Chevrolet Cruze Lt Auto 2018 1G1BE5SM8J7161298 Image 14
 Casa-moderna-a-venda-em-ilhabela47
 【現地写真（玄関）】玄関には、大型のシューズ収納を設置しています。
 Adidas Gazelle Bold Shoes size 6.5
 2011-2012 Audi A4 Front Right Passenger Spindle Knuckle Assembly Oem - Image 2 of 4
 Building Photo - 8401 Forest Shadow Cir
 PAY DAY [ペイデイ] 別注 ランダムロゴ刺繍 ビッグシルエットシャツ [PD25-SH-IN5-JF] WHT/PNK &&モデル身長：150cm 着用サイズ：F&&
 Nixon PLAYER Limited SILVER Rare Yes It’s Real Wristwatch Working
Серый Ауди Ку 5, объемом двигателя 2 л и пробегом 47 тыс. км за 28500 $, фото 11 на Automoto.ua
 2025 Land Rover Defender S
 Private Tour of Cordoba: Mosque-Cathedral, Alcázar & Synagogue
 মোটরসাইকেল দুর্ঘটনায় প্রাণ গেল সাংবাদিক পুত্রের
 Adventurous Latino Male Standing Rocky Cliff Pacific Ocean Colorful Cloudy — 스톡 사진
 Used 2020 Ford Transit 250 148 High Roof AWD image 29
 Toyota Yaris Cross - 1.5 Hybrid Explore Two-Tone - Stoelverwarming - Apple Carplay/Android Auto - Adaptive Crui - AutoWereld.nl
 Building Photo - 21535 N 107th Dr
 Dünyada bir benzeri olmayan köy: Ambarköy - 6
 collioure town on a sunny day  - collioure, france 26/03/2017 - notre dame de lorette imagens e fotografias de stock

• Work request: Could you copy exactly the lines from the one containing "Dünyada bir benzeri" through the end of the records above, and nothing more?

• Response:
 Dünyada bir benzeri olmayan köy: Ambarköy - 6
 collioure town on a sunny day  - collioure, france 26/03/2017 - notre dame de lorette imagens e fotografias de stock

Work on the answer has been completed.